Transparency and the Bank of Canada
This article was pretty interesting. At Bank of Canada, a debate on revealing less - The Globe and Mail
There are two comments I'd like to make, one about transparency and one about price-level targeting.
From the article.
There is an emerging opinion that central banks contributed to the financial crisis by making their intentions for interest rates too predictable. The best example is the U.S. Federal Reserve, which, under former chairman Alan Greenspan, raised its benchmark interest rate in 17 quarter-point increments starting in June, 2004, and ending with the Fed funds rate at 5.25 per cent in June, 2006.
The worry - it must be said, in retrospect - is that too much transparency causes investors to become complacent.

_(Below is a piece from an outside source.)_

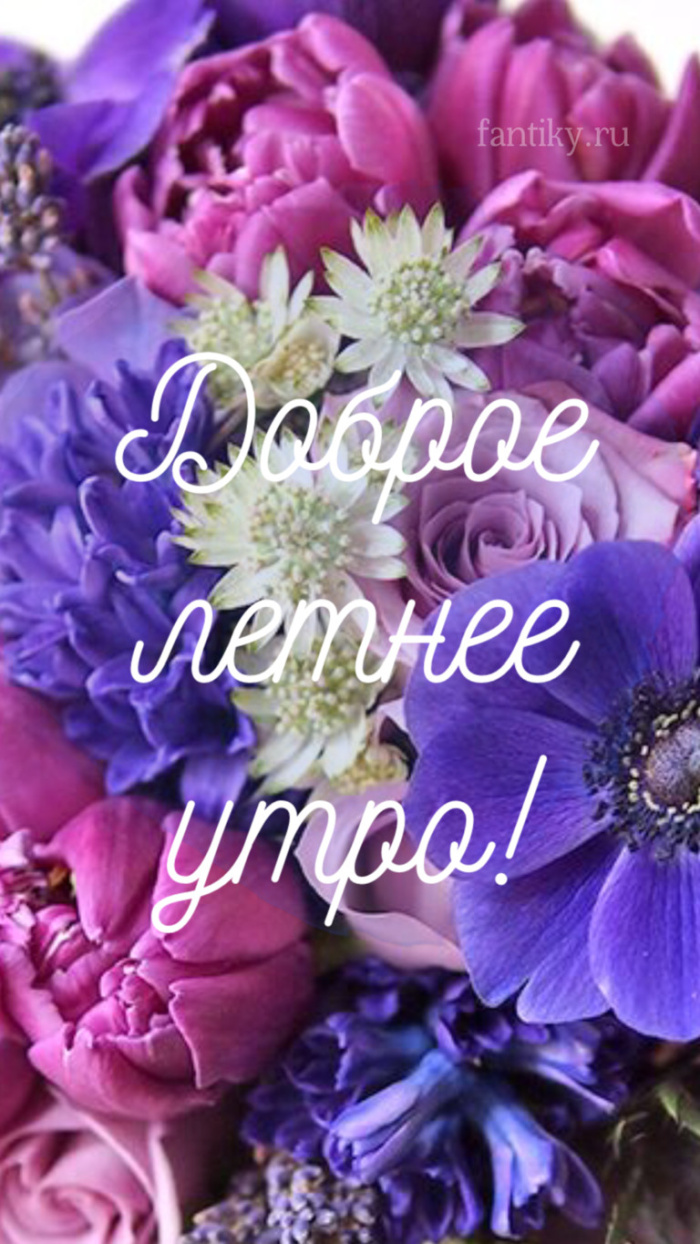 Картинки с добрым летним утром (195 открыток). Доброе летнее утро: картинки с надписями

Thinking they have the central bank's interest-rate path figured out, investors put less effort into assessing economic fundamentals. This creates a kind of groupthink that removes an important check on exuberant behaviour: skepticism.

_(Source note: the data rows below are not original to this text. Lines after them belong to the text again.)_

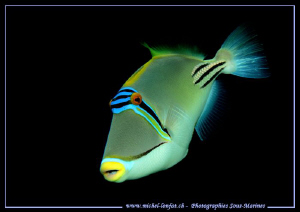 A beautiful Picasso TriggerFish in the Red Sea... Que du ... by Michel Lonfat 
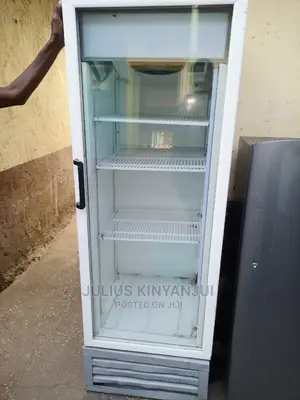 Display Fridge 400l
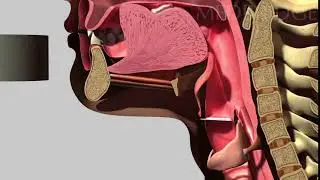 Normal swallow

In 1996, Greenspan spoke about "irrational exuberance". "Irrational exuberance" would imply tightening ahead, and so it appears that Greenspan was very transparent of his intentions. Yet the market ignored this, and the Nasdaq went on to inflate and burst.
Could it be that what Fed does is much more important than what the chairman would say? Apparently not, according to emerging opinion.
The second point is about price-level targeting. As I have showed in previous post, the Bank of Canada has little effect on inflation, and what areas it does have an effect on, it is doing a poor job. So what price-level targeting do to the Canadian economy? It would only exacerbate any problems.
I work under a simple premise, that if the interest rate set by the Bank of Canada is lower than the interest rate that would be set by the market, then you have malinvestment, and malinvestment is bad and will eventually need to be cleansed from the economy. The most recent examples were the housing bubble and the Nasdaq bubble in the US. The 1% interest rate in the US, which would be below any reasonable estimate of a market interest rate, caused investors to act under false pretenses. Low interest rates should mean that there is a large amount of capital available (ie. people have so much money that they are willing to lend it out at 1%), but of course this was not the case, there was not an abundance of capital. Central banks misled investors by lowering interest rates to such levels.
So why will price-level targeting exacerbate problems in Canada? Well Canada currently has a CPI of 1.9%, lower than their target of 2%. Well if China's over-capacity allows them to sell us goods for lower prices, then Canada's CPI will be below 2% for the foreseeable future. This would mean that the Bank of Canada could keep rates at near zero, and will snowball the malinvestments. With a price target of 2%, you could simply ignore the year and look forward, but with price-level targeting, you will need to keep the interest rate at an artificially low level which of course would increase the amount of malinvestment. (And the more malinvestment, the worse the recession/depression will be)
Well, if the Chinese decide to pass on their inflation to Canada, our CPI could easily go up to 3%, and stay there. That means that for the foreseeable future, the Bank would continually increase its interest rates to fight a fire that it has very little control over. Again, price-level targeting, would mean the BOC will need to continually increase the interest rate to get the average to 2%. And this of course will cause the currency to appreciate, and destroy the economy.
Now if the BOC was really serious about price-level targeting (It would be really nice if the target was 0!!), it should first look seriously at how it calculates CPI and base the price-level targeting on only this items that it actually has control over (perhaps just services?).